Wall Street analysts also predicted that western oil import bans would severely hurt Russia, the world’s third-largest oil producer, the United States and Saudi Arabia.

Its economy is largely based on its energy exports, and oil and fuel revenues accounted for forty-five percent of its federal budget last year, according to the International Energy Agency.

Usa. The US imposed an embargo on Russian energy imports in March, while the EU agreed to a slow ban, which lately affects 75% of Russian oil purchases, in May.

In March, Goldman Sachs said Moscow was unlikely to find other crude oil trading partners, given that its expulsion from the SWIFT banking formula prevented Russia’s central bank from accessing its foreign exchange reserves.

“To illustrate this point, there are no reports of an increase in Chinese purchases of Russian crude, and China has also not increased its imports of Iranian or Venezuelan crude in recent years,” its analysts said.

But Russia still exports 7. 4 million barrels of its oil each day, according to Bloomberg data from July.

 

India’s purchases of Russian oil played an important role. Its imports rose five months in a row before falling in June. It still absorbs 1 million barrels of Russian oil per day, a 900% increase since February.

And Europe has still controlled itself to put aside Russian crude. The EU still generates 2. 8 million barrels per day, according to Bloomberg data. That’s just a 30% drop from February’s four million barrels in one day.

Wall Street saw nothing but pain for Russia’s output and sectors as Western economic sanctions hit.

In the wake of the invasion of Ukraine, Russia’s composite purchasing managers’ index, which tracks trends in both sectors, has fallen. It rose from 50. 8 in February to 37. 7 in March, with a reading above 50 indicating expansion and a reading below 50 indicating contraction.

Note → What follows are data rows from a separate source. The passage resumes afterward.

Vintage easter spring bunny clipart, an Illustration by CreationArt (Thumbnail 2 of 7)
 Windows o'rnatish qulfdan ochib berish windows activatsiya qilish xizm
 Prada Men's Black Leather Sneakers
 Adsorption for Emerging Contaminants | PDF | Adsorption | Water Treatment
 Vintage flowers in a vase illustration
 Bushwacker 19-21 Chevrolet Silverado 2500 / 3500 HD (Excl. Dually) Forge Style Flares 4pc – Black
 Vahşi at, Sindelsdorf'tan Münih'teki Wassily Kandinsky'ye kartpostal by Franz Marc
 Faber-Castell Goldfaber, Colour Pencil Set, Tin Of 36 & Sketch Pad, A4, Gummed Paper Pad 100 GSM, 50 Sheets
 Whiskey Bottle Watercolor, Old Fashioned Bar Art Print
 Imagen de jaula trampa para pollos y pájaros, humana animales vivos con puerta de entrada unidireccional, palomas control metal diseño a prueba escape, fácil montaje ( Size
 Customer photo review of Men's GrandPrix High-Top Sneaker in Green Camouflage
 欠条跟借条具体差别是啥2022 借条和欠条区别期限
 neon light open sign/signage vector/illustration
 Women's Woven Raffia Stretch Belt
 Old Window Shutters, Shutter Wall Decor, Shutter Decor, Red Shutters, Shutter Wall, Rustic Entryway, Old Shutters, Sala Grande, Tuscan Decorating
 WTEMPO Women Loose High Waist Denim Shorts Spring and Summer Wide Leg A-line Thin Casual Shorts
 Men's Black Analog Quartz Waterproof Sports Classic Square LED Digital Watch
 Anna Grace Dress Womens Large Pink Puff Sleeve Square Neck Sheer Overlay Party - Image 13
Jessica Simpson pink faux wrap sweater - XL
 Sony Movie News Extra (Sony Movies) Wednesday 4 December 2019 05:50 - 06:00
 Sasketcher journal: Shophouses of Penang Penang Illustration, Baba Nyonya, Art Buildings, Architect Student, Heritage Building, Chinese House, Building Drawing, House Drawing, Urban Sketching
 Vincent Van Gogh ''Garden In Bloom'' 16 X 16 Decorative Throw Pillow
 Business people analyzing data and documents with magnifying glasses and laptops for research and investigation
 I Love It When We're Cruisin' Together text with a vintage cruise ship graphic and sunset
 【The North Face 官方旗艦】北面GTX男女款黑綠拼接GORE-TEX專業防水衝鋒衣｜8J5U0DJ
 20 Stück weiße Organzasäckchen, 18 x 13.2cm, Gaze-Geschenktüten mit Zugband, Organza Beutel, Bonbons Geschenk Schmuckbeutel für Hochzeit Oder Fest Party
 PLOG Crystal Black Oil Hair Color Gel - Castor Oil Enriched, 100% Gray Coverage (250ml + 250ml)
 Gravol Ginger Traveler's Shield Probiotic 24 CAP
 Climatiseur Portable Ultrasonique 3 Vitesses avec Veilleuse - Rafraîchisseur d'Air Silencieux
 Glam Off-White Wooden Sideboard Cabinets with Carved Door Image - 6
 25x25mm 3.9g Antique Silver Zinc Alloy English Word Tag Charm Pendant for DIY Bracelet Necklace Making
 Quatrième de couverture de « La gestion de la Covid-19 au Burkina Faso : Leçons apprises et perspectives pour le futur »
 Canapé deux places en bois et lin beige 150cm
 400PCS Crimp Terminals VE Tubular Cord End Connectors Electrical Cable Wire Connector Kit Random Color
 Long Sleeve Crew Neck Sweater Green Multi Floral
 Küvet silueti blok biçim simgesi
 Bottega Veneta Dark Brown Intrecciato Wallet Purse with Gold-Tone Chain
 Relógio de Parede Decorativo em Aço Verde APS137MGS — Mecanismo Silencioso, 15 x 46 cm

Strategists at Goldman Sachs said the contraction was “widespread, with sharp declines in production, new orders and in specific new parts of export orders. “They noted that Moscow is preparing for further falls.

But a few months later, Russia’s composite PMI returned to expansion territory.

 

The index rose to 44. 4 in April, rose above 50 in June and reached 52. 2 last month. This more recent reading means that Russia’s economic capacity is booming, a cry of catastrophic predictions made on Wall Street.